Louper la moitié du championnat outdoor sur une blessure au pouce ne semble pas avoir trop impacté Jett Lawrence. À peine de retour en piste à Charlotte, l’officiel Honda HRC s’est adjugé la victoire lors de la première épreuve des playoff du championnat SMX après un beau duel face à Eli Tomac. L’intéressé ne pouvait pas espérer beaucoup mieux pour son retour aux actions. Réactions, après une énième victoire.
Jett. À peine de retour, et déjà une victoire. J’imagine que c’était l’objectif, mais est-ce que tu pensais réellement pouvoir gagner d’entrée de jeu ?
C’est vrai que c’était un peu un point d’interrogation. Pendant la semaine, je me faisais déposer par Hunter à l’entraînement, donc je me disais que cette épreuve de Charlotte allait être un peu difficile pour moi. Finalement, les essais se sont bien déroulés, les chronos aussi, mais je savais qu’il est bien plus simple de faire un tour rapide, qu’une manche de 20 minutes. Puis, j’ai pris un bon départ en première manche, je me suis un peu déverrouillé. Eli avait ses traces, il n’a pas fait d’erreurs pendant les premières minutes de course et il a creusé un bel écart. Quand j’ai pu doubler Hunter, il était trop tard pour reprendre Eli, on n’a jamais réussi à le recoller.
En seconde manche, je savais qu’il fallait que j’essaie de battre Eli. J’étais devant lui dans les premiers virages et il m’a finalement passé. Je savais que ça allait être compliqué de là, mais j’ai gagné quand même. Je suis super content d’être de retour, et super content du résultat aussi.
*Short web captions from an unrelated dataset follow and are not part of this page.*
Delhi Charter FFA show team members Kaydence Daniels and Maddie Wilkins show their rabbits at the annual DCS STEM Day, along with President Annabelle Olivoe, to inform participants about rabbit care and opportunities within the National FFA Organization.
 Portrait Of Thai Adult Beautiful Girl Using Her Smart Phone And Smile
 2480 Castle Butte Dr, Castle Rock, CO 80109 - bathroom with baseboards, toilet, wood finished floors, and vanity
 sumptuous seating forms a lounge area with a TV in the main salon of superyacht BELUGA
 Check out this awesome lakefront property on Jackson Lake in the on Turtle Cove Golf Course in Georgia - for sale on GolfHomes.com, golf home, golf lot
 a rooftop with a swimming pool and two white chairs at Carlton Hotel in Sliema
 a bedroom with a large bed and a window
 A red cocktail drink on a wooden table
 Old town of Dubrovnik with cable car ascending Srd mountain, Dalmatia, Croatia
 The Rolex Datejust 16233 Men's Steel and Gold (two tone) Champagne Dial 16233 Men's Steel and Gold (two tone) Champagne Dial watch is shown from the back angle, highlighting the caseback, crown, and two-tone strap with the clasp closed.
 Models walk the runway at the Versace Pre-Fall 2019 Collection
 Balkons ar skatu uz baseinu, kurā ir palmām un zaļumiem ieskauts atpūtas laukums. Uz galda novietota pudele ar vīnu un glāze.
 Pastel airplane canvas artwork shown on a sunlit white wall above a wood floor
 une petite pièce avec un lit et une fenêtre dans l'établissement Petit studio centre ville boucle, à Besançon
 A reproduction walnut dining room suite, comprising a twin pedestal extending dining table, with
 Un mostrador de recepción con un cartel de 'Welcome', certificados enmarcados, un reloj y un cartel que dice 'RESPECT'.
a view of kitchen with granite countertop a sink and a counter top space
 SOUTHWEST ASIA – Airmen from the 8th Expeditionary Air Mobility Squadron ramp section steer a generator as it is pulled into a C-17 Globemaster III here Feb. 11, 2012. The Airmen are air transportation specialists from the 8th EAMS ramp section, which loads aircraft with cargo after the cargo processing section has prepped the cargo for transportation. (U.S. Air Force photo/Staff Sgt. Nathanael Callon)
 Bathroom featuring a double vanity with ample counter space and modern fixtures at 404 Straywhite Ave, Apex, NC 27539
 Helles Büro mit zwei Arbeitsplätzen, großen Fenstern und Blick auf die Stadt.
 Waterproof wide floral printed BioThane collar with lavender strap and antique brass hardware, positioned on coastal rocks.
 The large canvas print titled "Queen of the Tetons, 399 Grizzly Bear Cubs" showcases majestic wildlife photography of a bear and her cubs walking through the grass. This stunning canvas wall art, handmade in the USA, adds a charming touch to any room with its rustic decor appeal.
J’espère pouvoir continuer sur cette lancée et continuer à m’améliorer parce que je ne suis toujours pas parfait ! L’intensité lors des courses, c’est très différent de l’intensité lors des entraînements. Moi, je suis juste content d’être de retour.
C’est la première fois qu’on te voit réellement te battre avec Eli en piste, finalement. Vous avez deux styles très différents. Qu’est-ce que tu as pu apprendre de lui à Charlotte ?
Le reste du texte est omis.